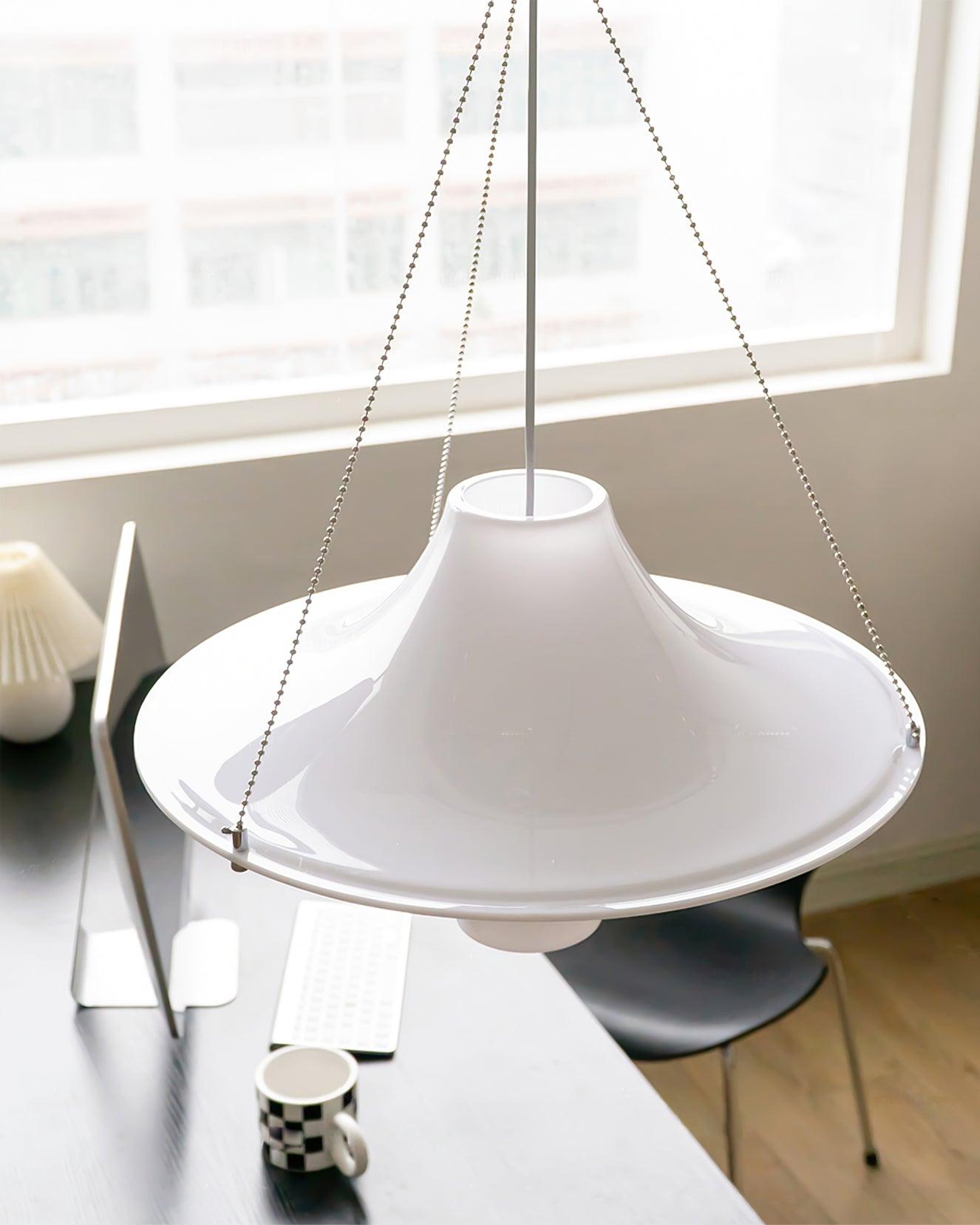 Lokki Pendant Lamp - Lamp Outdoor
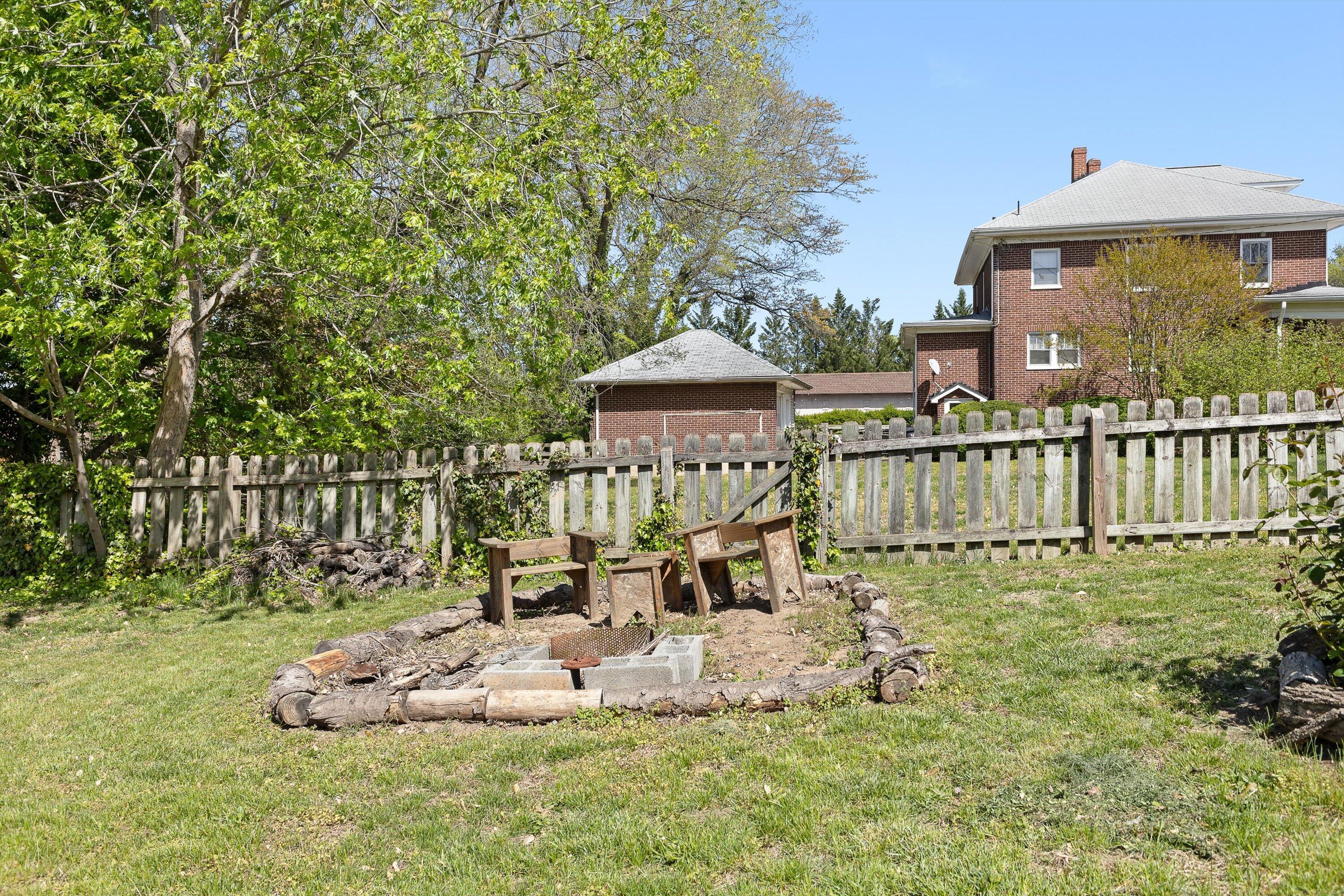 116 Cedar Ave, Vinton, Virginia image 31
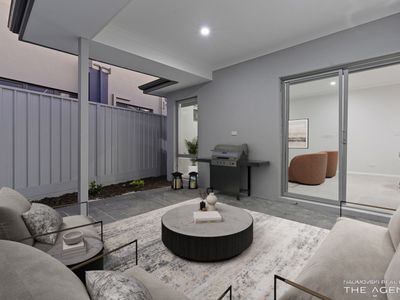 34B Narrung Way, Nollamara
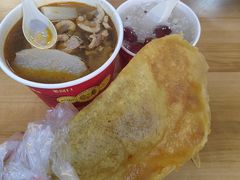 -江三王记牛杂馆(总店)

Exercise description: In full and without change, repeat the material above, minus the pictures.

Your response:
 Lokki Pendant Lamp - Lamp Outdoor
 116 Cedar Ave, Vinton, Virginia image 31
 34B Narrung Way, Nollamara
 -江三王记牛杂馆(总店)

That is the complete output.